### What you have to do
List all lines of the data that include the string "Bedroom".
━━━━━━━━━━━━━━━━━━━━━━━━━━━━━━
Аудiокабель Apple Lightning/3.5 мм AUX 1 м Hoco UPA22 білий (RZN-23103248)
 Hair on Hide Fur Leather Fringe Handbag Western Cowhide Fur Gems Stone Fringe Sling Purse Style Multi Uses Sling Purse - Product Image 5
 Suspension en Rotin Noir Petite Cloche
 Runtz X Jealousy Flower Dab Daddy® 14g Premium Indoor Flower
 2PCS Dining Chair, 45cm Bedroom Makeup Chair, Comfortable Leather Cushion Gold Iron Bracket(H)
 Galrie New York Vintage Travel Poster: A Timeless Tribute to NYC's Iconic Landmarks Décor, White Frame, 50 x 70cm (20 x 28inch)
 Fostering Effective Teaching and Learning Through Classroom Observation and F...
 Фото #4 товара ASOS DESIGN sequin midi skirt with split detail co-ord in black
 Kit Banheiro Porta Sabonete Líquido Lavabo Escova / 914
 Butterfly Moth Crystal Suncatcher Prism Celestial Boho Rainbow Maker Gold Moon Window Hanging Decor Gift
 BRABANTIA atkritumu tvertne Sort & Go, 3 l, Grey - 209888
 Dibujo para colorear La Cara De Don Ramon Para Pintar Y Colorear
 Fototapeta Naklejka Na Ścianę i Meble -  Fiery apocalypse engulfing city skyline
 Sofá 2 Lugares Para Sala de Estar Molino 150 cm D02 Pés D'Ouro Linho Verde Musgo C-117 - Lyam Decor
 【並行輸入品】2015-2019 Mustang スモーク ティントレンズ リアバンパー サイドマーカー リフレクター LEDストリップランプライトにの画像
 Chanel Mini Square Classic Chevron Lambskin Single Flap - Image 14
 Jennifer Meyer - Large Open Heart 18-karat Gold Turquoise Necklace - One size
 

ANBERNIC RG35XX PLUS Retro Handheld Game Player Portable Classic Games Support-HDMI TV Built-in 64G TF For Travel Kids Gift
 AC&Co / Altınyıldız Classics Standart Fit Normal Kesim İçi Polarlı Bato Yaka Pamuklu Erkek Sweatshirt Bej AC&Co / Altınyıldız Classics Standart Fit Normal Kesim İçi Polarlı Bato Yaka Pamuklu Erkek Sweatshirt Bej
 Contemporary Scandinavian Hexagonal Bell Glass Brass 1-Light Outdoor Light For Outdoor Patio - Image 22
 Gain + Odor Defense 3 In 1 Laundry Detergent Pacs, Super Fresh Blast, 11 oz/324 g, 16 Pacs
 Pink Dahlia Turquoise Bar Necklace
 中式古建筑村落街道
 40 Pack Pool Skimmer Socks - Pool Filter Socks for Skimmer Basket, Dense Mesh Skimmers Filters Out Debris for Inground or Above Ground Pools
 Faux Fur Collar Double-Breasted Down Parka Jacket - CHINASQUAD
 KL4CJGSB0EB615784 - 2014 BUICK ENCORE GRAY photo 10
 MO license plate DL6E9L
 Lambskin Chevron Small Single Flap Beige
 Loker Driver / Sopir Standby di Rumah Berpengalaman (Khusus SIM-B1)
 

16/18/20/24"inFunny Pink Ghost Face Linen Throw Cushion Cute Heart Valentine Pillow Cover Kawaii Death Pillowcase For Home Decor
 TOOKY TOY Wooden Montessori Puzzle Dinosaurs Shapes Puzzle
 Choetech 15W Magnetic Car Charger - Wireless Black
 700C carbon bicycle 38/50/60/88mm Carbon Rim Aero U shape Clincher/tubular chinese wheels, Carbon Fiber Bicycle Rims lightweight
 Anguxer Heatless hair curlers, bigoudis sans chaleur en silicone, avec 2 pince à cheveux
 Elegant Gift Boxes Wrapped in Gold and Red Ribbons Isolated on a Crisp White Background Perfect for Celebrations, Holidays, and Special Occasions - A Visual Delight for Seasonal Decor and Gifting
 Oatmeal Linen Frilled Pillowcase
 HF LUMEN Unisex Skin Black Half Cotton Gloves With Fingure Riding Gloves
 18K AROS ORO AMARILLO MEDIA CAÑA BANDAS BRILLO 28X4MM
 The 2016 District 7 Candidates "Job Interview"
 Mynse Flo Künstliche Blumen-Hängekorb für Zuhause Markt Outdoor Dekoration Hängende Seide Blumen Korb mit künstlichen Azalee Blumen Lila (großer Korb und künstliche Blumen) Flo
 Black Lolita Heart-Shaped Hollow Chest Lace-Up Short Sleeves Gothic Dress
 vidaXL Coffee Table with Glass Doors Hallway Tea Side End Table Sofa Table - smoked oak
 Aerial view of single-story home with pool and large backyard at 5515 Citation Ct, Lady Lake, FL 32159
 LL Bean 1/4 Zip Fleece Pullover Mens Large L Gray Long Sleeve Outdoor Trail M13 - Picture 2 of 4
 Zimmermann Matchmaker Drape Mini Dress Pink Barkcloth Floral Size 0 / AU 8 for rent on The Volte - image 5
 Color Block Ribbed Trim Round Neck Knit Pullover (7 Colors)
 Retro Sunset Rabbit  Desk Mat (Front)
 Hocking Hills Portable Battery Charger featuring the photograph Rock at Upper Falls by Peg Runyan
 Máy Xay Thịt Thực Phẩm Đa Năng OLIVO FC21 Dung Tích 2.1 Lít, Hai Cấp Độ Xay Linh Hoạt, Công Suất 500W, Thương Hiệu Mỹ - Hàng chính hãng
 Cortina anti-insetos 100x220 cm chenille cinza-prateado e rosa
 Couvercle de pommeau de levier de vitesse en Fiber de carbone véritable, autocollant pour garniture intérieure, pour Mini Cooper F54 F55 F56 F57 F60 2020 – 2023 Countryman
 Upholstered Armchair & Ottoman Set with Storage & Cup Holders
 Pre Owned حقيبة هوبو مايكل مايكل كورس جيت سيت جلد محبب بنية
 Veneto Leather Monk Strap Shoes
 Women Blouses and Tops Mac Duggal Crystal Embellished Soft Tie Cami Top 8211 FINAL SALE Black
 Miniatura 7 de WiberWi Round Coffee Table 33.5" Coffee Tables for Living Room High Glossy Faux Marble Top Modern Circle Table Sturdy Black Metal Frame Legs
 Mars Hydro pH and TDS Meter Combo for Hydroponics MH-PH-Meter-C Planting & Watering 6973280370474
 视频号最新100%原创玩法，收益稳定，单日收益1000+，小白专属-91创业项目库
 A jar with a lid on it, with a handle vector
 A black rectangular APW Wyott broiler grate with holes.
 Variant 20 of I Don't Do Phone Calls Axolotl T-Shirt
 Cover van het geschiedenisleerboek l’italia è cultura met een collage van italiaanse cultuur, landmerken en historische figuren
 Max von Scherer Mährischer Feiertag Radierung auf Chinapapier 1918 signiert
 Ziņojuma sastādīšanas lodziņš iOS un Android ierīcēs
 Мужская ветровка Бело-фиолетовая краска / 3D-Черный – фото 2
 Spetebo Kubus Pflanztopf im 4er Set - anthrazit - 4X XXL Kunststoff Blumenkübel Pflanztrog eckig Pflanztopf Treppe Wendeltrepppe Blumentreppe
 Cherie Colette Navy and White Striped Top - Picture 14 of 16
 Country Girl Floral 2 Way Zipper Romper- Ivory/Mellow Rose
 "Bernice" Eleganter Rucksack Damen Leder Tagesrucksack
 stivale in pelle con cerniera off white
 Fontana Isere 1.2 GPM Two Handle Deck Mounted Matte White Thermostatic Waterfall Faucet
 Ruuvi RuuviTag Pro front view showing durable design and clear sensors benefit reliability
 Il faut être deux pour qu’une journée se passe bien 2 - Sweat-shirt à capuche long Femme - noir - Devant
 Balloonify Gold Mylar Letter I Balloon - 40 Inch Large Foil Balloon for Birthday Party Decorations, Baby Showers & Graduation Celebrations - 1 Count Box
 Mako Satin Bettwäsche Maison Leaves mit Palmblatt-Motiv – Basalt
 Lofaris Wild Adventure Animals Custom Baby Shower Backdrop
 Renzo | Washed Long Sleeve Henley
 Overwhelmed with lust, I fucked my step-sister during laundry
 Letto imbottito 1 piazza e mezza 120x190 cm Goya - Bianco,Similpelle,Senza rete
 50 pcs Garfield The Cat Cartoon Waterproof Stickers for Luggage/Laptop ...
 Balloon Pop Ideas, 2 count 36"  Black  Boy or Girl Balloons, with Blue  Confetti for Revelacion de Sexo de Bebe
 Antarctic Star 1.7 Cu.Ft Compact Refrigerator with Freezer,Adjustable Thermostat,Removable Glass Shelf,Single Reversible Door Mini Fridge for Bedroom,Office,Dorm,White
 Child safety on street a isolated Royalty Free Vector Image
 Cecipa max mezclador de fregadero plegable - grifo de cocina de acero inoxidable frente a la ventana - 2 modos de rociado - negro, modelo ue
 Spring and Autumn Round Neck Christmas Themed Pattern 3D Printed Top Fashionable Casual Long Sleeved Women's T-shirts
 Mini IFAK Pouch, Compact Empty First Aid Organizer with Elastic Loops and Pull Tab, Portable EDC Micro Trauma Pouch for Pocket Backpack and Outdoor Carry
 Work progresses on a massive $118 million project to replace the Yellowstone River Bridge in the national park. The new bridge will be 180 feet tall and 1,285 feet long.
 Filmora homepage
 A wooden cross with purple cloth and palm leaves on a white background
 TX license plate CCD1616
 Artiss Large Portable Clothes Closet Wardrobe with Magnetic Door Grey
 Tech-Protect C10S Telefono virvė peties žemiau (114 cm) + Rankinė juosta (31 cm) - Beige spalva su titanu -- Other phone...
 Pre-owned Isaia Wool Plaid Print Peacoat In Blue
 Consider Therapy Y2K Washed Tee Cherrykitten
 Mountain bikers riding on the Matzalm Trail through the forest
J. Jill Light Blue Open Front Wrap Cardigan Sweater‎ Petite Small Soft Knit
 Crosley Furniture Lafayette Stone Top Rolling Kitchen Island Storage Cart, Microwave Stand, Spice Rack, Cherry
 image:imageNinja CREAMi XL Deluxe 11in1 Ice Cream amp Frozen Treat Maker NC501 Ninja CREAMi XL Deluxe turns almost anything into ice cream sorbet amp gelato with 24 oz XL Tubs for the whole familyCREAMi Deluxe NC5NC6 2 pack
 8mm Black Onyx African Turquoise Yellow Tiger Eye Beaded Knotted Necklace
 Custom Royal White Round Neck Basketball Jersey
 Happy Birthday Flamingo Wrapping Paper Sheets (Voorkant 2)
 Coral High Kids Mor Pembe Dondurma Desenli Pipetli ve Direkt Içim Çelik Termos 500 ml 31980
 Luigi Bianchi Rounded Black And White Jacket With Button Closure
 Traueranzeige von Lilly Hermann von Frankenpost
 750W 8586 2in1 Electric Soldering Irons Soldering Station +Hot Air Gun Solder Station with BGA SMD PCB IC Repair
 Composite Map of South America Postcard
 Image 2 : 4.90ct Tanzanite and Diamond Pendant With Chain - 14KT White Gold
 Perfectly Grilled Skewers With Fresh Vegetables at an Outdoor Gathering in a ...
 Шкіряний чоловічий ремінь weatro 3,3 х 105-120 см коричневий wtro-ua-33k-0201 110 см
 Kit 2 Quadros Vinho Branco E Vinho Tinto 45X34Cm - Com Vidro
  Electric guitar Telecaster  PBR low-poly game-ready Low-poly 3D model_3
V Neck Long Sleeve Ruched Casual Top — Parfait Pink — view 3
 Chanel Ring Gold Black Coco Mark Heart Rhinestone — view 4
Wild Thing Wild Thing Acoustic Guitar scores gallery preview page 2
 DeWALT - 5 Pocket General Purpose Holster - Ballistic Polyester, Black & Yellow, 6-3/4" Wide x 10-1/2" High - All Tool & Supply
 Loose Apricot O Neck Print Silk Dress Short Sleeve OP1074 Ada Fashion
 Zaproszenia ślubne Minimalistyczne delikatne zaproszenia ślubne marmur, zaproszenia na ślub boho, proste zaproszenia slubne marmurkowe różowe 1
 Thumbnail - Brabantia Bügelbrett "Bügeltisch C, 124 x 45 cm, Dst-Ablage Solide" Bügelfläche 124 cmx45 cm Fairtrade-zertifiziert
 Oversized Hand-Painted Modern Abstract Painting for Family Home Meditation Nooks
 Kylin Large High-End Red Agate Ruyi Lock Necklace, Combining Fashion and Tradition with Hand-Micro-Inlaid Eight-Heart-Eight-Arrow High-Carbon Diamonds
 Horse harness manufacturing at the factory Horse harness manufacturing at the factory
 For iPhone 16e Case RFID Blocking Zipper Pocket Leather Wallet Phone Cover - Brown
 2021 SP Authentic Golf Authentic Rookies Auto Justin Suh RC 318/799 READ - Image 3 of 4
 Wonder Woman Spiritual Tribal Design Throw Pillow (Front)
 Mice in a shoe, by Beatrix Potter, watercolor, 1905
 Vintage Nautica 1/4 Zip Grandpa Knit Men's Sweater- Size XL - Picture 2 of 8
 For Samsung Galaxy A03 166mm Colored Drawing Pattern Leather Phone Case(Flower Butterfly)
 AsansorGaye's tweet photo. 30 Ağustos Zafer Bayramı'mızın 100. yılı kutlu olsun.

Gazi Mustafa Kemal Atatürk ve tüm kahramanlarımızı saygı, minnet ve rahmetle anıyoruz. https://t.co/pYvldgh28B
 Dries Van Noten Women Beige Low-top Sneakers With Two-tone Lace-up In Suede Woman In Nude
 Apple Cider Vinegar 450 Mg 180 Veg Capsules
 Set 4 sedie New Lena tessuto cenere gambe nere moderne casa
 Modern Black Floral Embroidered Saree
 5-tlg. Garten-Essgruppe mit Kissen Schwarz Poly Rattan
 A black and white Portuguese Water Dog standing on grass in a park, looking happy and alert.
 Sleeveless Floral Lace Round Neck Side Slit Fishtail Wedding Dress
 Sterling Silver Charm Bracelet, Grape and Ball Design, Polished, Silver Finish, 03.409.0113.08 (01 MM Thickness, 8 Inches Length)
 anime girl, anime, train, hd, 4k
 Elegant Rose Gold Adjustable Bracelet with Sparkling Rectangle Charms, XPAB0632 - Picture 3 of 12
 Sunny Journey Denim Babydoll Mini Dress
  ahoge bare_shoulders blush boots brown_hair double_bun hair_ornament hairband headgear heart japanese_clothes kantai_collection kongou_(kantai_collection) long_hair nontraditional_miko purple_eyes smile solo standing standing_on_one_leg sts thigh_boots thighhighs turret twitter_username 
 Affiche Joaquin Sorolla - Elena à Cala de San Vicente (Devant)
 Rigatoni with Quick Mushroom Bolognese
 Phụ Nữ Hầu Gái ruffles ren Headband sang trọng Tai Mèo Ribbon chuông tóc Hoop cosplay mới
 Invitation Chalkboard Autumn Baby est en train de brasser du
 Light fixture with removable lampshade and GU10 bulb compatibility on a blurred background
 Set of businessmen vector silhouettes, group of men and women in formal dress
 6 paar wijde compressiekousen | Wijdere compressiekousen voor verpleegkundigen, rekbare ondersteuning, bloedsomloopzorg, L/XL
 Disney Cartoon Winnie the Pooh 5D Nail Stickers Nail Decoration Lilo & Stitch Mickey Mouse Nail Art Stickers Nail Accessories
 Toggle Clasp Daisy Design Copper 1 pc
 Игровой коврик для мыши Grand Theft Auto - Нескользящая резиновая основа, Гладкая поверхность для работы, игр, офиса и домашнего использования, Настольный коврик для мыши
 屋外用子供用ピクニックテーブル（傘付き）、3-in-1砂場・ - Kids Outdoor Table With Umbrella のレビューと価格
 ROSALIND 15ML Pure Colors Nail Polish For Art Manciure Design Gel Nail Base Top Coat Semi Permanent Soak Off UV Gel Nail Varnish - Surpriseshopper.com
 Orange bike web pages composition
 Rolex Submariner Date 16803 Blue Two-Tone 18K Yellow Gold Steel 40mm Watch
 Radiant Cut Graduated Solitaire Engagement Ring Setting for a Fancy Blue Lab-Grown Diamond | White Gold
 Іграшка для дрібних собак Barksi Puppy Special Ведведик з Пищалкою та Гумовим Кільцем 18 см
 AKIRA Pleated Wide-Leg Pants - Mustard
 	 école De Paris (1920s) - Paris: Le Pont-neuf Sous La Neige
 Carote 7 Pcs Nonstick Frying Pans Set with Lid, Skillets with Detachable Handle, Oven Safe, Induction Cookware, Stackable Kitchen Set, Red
━━━━━━━━━━━━━━━━━━━━━━━━━━━━━━
### Problem solution
 2PCS Dining Chair, 45cm Bedroom Makeup Chair, Comfortable Leather Cushion Gold Iron Bracket(H)
 Antarctic Star 1.7 Cu.Ft Compact Refrigerator with Freezer,Adjustable Thermostat,Removable Glass Shelf,Single Reversible Door Mini Fridge for Bedroom,Office,Dorm,White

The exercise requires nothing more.